Charles V’s Campaigns in Africa in the Sixteenth Century

CYCLE: Geopolitics
SPEAKER: Lina Scalisi (University of Catania)
DATE: November 10, 2025 - 5:00 p.m.
WHERE: Parco archeologico del Colosseo, Curia Iulia

In the scorching July of 1535, Charles V conquered Tunis and with it the fame of an invincible warrior on the battlefield, long sought to silence French enemies who had too often contrasted the military courage of their sovereign with the emperor’s absence from theaters of war; as well as to establish new balances in the Mediterranean where the Turk and his allies raged at the borders of his kingdoms. But the success of that July was not just a military victory. At the time, it was history and fable, chronicle and legend, echoes of which remain in correspondence and in the magnificent tapestries that narrated those deeds. Much less known, however, is what it meant to prepare that war for the men who directed it and for the kingdoms that financed it.
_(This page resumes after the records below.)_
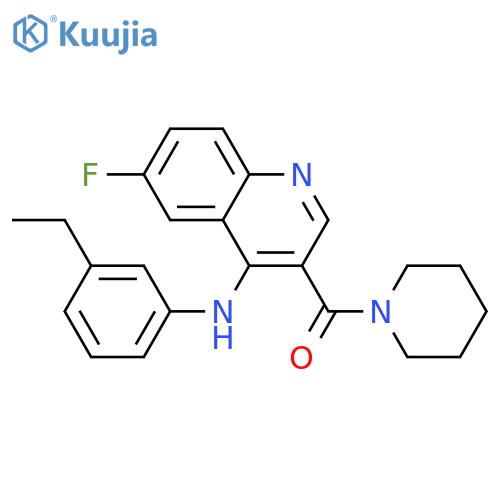 N-(3-ethylphenyl)-6-fluoro-3-(piperidine-1-carbonyl)quinolin-4-amine structure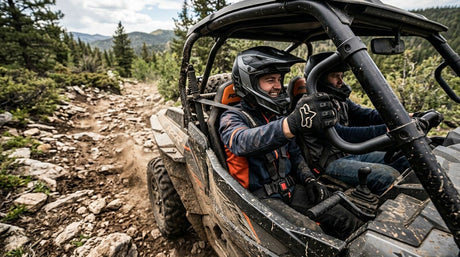Grab bars for UTV passenger safety on rough trails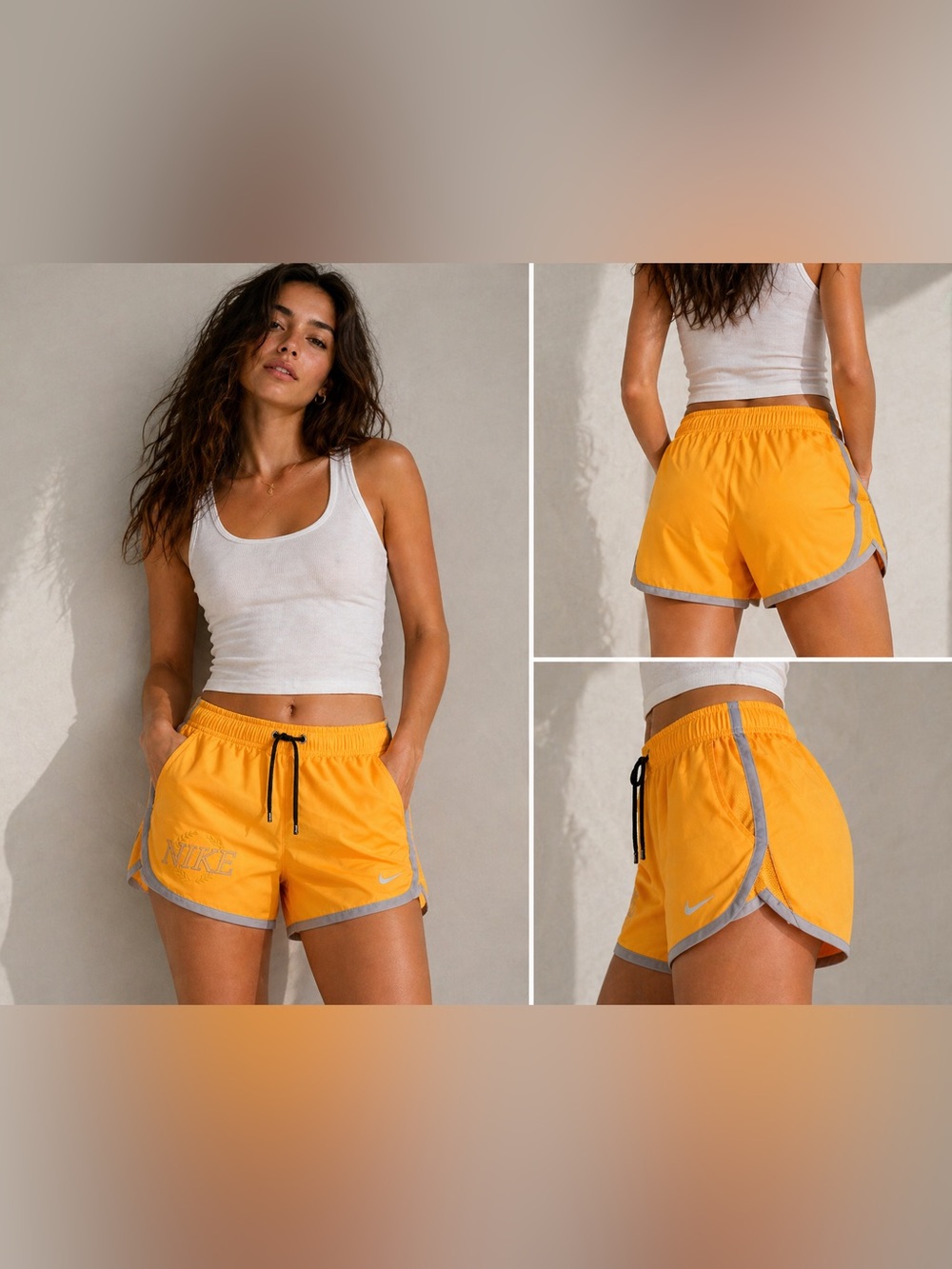 Nike Dri-FIT Running Shorts Womens Small Orange Gray Athletic Gym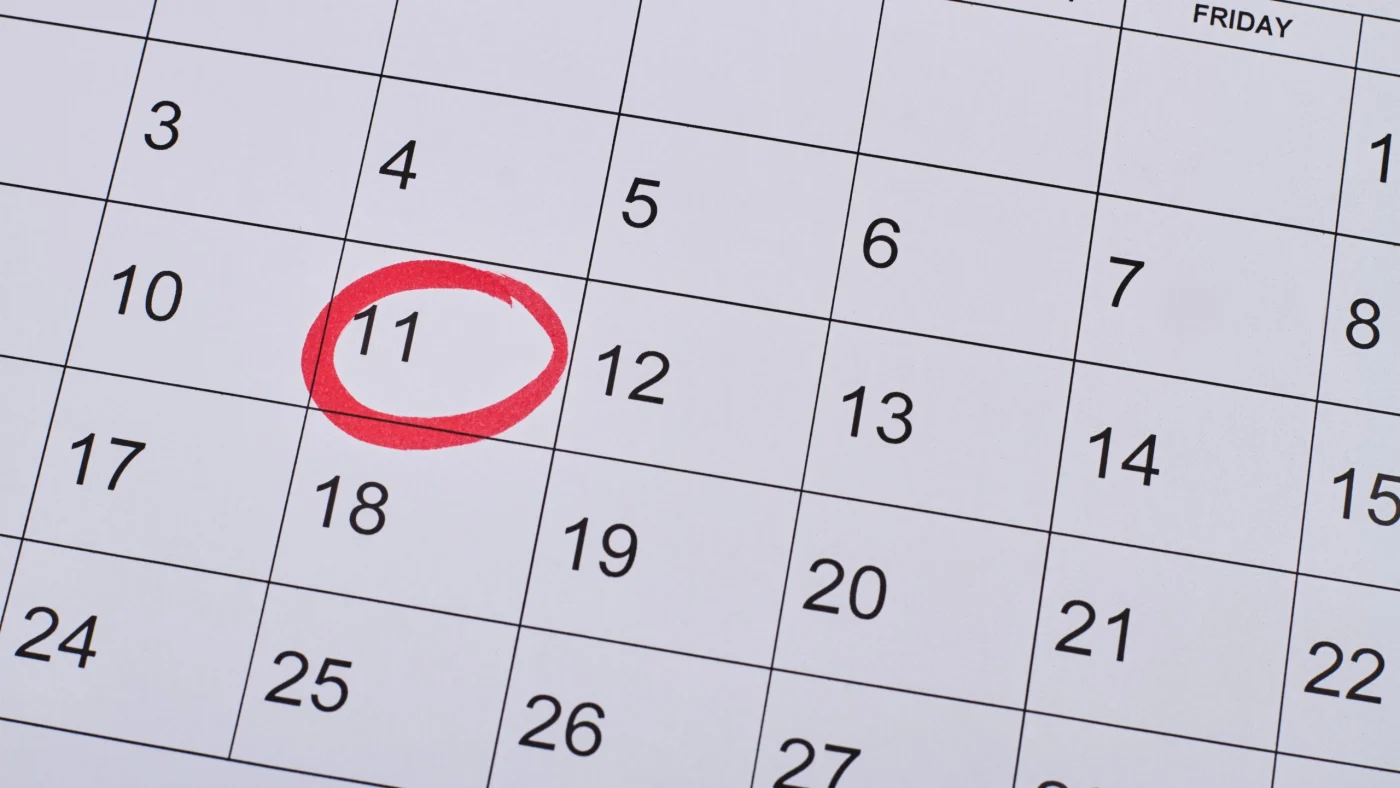 Calendar with a future date circled in red, symbolizing a homeowner returning to the same remodeling company for another project.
A distant story, still highly relevant today.

Biography

Lina Scalisi is Full Professor of Early Modern History in the Department of Humanities of the University of Catania and Vice Rector of the University. She is Académica correspondiente of the Real Academia de la Historia, member of the doctoral faculty in History at the Scuola Normale Superiore of Pisa, and President of the Academy of Fine Arts of Catania. Her research interests include the political and cultural history of the European aristocracy in the early modern age, urban history, and socio-religious history.